MBI: This is the first time you've been nominated for the Man Booker International Prize. How important are literary prizes to you and are you pleased to see your body of work praised by the Man Booker judges?
Anne Tyler: It made me very happy to see my name on that shortlist, all the more so because many of the other names were from such far-flung places. In fact I bought several books by the writers unfamiliar to me; so the nomination has expanded my reading considerably.
MBI: Some of your most well-known characters are male. Is it harder or easier to write from that perspective?
AT: Male characters are more of a challenge to me, because I think men generally are less willing to express their emotions. I'm conscious of a feeling of constraint when I'm looking at things through their eyes.
MBI: Many of your novels centre around family dynamics. What is it about amily life that make such rich matter for your writing?
AT: I like the fact that family members can't so easily walk away from each other when the going gets tough.

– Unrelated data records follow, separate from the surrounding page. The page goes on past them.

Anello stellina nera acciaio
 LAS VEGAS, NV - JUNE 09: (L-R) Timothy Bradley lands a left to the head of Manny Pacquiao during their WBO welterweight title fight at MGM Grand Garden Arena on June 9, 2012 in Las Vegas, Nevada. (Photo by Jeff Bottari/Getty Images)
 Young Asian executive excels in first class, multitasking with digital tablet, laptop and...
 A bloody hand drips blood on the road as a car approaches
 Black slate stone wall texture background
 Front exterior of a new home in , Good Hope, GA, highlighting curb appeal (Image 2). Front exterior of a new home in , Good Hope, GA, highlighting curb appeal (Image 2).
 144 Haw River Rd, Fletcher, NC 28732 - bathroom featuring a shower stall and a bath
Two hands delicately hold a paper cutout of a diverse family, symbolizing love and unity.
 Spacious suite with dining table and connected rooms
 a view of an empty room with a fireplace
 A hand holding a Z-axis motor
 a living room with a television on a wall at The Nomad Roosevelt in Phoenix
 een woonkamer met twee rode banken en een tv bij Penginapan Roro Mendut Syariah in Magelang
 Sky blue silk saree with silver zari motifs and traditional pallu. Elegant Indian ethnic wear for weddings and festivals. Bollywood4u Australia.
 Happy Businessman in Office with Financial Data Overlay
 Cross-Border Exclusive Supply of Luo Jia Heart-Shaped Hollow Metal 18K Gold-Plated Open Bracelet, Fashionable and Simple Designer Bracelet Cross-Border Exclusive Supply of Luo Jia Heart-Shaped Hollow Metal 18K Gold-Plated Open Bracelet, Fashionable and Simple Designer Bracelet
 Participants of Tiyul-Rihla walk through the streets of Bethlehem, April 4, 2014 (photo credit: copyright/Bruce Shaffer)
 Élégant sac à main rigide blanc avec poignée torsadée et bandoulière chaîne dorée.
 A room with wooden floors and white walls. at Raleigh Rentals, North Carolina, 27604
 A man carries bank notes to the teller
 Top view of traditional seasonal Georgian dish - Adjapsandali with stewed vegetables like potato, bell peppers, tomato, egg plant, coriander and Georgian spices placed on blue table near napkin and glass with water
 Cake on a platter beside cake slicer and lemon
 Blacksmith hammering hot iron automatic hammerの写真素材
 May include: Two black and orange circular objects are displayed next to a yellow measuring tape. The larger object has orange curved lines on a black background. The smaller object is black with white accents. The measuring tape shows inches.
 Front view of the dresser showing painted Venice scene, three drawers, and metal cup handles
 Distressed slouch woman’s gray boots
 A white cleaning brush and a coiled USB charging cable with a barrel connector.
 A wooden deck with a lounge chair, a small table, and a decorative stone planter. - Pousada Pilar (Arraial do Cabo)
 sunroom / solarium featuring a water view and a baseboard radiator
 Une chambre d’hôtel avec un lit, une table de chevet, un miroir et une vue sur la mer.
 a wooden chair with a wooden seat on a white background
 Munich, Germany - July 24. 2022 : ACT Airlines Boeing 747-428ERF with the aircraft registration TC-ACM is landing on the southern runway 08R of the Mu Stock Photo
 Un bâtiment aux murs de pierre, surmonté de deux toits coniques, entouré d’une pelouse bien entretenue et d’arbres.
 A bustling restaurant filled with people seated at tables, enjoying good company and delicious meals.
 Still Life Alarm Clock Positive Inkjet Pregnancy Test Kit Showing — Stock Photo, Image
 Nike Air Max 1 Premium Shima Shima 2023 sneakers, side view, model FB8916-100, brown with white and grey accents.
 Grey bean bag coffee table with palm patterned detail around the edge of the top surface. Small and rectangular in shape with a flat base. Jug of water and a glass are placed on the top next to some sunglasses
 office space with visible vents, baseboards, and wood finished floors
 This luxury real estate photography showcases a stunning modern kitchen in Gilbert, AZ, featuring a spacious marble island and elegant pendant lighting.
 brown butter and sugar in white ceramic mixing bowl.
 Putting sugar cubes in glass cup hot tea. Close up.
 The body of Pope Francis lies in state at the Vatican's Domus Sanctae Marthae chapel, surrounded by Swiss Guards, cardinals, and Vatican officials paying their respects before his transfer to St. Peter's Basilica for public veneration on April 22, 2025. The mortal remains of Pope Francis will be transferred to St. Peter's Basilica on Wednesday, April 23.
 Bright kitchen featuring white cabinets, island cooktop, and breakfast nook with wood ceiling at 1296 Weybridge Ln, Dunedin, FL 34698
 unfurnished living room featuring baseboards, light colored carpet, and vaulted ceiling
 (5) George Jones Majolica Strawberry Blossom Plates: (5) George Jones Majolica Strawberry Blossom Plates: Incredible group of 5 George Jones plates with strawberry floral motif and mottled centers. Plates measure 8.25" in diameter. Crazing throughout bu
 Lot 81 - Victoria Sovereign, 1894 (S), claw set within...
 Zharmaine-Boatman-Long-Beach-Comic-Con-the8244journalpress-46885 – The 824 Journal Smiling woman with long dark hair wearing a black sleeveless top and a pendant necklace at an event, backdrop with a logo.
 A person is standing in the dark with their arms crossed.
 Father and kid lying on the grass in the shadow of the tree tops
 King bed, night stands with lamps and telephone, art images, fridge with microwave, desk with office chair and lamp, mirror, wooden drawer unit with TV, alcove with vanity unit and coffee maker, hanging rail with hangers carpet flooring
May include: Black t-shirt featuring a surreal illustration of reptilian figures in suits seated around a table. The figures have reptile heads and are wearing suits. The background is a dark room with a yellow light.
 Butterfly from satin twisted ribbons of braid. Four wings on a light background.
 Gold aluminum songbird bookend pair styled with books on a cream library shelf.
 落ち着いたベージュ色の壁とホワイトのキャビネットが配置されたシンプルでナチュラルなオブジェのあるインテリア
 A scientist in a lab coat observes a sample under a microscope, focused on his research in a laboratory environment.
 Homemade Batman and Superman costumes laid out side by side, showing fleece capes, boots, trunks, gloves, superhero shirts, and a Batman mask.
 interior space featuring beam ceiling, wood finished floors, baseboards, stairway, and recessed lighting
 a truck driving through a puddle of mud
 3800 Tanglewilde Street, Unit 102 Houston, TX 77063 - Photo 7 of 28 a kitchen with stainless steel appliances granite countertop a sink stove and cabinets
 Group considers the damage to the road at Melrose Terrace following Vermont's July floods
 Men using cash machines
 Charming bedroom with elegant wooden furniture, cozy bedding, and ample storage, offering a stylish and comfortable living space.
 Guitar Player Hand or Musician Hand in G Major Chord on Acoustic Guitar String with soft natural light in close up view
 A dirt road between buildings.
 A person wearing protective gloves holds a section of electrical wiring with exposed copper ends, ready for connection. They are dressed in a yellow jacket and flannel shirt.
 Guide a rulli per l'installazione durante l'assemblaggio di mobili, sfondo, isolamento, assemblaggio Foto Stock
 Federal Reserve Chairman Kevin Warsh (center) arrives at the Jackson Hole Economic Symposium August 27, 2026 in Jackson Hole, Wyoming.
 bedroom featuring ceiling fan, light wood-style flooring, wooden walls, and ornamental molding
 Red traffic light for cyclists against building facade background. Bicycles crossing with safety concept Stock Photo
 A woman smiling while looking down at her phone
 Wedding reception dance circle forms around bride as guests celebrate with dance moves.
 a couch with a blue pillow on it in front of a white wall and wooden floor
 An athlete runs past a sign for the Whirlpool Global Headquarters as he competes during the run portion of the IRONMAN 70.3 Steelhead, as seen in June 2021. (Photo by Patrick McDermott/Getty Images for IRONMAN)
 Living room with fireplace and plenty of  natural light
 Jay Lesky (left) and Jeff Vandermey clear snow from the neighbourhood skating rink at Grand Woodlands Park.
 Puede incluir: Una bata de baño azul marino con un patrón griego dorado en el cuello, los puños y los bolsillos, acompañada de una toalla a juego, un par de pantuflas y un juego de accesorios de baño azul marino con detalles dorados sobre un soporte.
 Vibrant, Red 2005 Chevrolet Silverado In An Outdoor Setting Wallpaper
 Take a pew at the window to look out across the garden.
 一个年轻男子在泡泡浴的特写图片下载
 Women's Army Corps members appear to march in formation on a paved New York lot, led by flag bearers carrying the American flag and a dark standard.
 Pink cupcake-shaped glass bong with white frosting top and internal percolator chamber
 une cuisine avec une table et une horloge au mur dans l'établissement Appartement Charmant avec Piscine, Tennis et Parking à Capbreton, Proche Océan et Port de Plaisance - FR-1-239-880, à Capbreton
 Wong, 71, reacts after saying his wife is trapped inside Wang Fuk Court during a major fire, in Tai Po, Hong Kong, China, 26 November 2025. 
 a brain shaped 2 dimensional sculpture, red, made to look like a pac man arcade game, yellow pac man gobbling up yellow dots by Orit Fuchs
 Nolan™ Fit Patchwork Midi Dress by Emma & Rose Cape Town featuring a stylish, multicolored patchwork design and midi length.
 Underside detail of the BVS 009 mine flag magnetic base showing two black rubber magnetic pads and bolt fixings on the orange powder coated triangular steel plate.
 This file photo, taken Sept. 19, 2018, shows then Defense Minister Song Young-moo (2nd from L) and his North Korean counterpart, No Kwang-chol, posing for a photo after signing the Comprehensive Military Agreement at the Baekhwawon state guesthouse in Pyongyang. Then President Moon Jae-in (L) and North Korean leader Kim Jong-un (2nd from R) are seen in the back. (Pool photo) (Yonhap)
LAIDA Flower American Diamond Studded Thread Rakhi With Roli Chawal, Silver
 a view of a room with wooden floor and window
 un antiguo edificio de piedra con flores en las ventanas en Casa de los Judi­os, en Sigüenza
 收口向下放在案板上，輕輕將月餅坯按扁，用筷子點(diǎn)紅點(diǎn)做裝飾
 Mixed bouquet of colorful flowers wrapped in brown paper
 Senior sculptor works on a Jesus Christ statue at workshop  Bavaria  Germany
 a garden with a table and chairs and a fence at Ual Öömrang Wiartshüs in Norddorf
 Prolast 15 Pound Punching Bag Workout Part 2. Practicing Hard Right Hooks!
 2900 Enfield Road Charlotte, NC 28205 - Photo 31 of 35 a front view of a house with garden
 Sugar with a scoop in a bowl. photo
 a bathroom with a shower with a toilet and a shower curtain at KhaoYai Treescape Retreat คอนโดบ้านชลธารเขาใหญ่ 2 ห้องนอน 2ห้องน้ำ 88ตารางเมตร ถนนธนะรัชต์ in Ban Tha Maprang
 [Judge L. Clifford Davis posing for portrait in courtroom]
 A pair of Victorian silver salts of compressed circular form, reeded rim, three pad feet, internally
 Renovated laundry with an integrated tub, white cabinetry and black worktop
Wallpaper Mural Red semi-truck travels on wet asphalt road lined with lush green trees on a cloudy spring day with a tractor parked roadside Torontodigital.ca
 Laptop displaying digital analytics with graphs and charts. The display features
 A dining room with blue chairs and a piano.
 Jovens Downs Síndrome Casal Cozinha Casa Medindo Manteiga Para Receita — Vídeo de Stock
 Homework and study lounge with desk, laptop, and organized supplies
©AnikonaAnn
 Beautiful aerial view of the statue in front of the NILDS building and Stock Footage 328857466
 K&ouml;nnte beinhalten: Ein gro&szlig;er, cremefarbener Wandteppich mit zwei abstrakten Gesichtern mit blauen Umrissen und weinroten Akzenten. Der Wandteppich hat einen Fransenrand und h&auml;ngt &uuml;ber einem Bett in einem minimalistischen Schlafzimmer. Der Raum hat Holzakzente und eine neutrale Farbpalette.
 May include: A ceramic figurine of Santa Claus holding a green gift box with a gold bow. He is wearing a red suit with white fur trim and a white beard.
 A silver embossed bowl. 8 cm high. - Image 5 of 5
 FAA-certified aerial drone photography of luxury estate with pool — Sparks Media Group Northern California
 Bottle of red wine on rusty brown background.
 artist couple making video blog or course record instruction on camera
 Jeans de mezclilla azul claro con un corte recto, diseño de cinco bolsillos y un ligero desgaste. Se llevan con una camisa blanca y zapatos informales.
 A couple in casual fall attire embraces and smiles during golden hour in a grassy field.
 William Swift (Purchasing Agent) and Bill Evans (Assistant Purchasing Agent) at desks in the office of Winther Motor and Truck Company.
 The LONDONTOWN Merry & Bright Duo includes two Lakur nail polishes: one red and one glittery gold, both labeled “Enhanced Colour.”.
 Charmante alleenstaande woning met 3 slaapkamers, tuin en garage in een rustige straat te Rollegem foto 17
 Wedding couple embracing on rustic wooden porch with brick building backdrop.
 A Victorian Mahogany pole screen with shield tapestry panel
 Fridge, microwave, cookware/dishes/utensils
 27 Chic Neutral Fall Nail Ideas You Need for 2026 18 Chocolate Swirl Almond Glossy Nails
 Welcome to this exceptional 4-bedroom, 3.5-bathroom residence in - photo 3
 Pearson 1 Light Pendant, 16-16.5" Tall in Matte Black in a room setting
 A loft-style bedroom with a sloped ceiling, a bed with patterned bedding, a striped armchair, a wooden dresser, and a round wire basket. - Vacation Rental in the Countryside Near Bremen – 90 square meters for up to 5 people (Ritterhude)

They're forced to stay at close quarters and grate along together, and that provides wonderful material for novelists.
MBI: Today's writers are under increasing pressure to be online, with publishers encouraging writers to tweet, blog, and so on. What advice would you have for those writers who don't want to create this kind of very public profile?
AT: Well, of course I would say, "Don't do it," but that's because I can't imagine doing it myself. It feels like a physical impossibility.
MBI: Can you recommend any novelists (or poets) who you would like to see finding a wider audience?
AT: I've been telling everyone to read a Canadian author, Lisa Moore, whose novel February I loved. And two recent books by writers I've admired for years - What is Left the Daughter Howard Norman and Emily, Alone by Stewart O'Nan - deserve to be read by everyone who enjoys serious fiction.
MBI: You've worked as a librarian before - in the UK currently we're seeing many libraries being closed due to funding cuts - how important do you think libraries are for writing communities?
AT: I'm sad to hear about the funding cuts. I love the atmosphere of libraries - even the smell of them - and I think they're ideal places for children to spend time. But "writing community" seems to me a contradiction in terms, and I always picture writers writing alone in their rooms, not in a library.